Nicaragua gets scant attention in the mainstream media. And when it does, the portrayal of the country is usually negative. Two of the main culprits are Tim Rogers, who writes for the Nica Times, a Costa Rican published paper, who work is syndicated in US newspapers like the Miami Herald and the Christian Science Monitor, and Rory Carroll, who can regularly be read in the Guardian putting the boot into Nicaragua, Venezuela, and any other left wing country that he happens to land in.
Rogers latest contribution to international understanding was posted on the BBC today, Drugs Dilemma on Nicaragua’s Mosquito Coast. The drugs problem on the Coast is real, and started when Colombia began using the Caribbean Coast as a staging point during the Contra War. Anyone with eyes can see the effect that drugs has had on the Coast, and the influx of money spent on lavish dwellings and lifestyles which are otherwise in short supply in the poorest region of Nicaragua.

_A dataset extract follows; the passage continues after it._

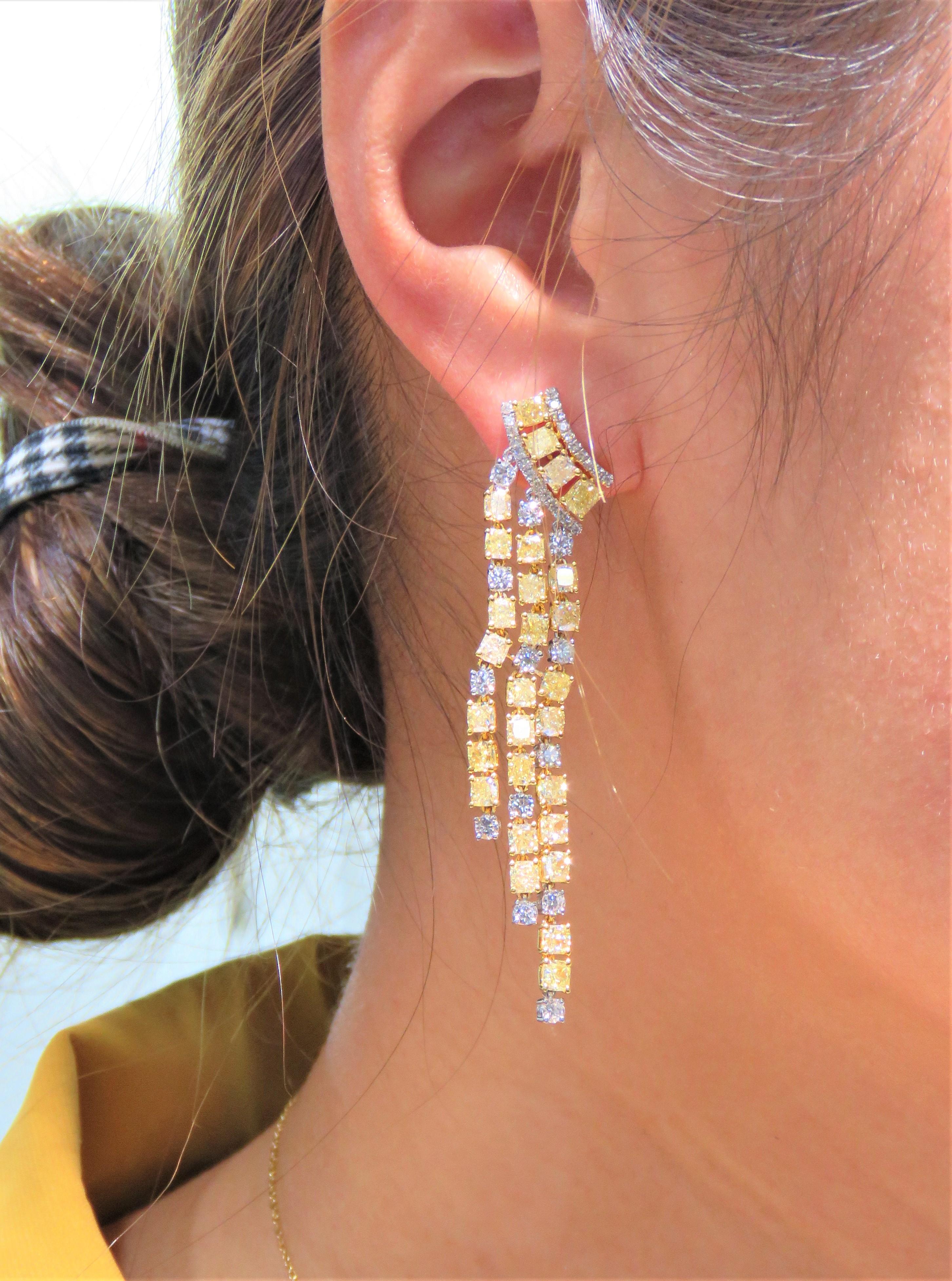 Women's NWT $44, 400 Rare 12ct Fancy Yellow Diamond White Diamond Fringe Dangle Earrings For Sale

Drugs, though, are only one story on the Coast. Rogers article quotes people and organisations the Campaign has met during our visits there over the past two decades, including the Council of Elders. Without being too harsh, you have to doubt the political judgment of an organisation which thinks it can achieve its separatist demands by petitioning Hillary Clinton and the Queen. The other main body representing the Miskitu people is the political party, YATAMA. Made up of men (and women) who fought in the Contra War, they have shared power in the region, have stood in a Coalition with the Sandinistas, but YATAMA members have also led protests against the Sandinista Government. YATAMA doesn’t get a mention in Rogers’ article.
One of the outstanding achievements of the current Government on the Coast is moving towards demarcating all communal land. The work, which has taken four years, have ensured the rights of indigenous people over land more than the size of Wales. Someone who has looked at issues on the Coast over the past decade is Luciano Baracco. His latest book, which he edits, National Integration and Contested Autonomy, examines the history of the region, bringing the story up to date. The chapters on the demarcation law are particularly valuable, describing the process, the outcome, and also some of the challenges that remain.
The prose might not be as flowery or as exciting as the Central American ‘orientalism’ practised by Rogers and Carroll, but it will give you a much better understanding. Better to invest your time in back issues of Envio!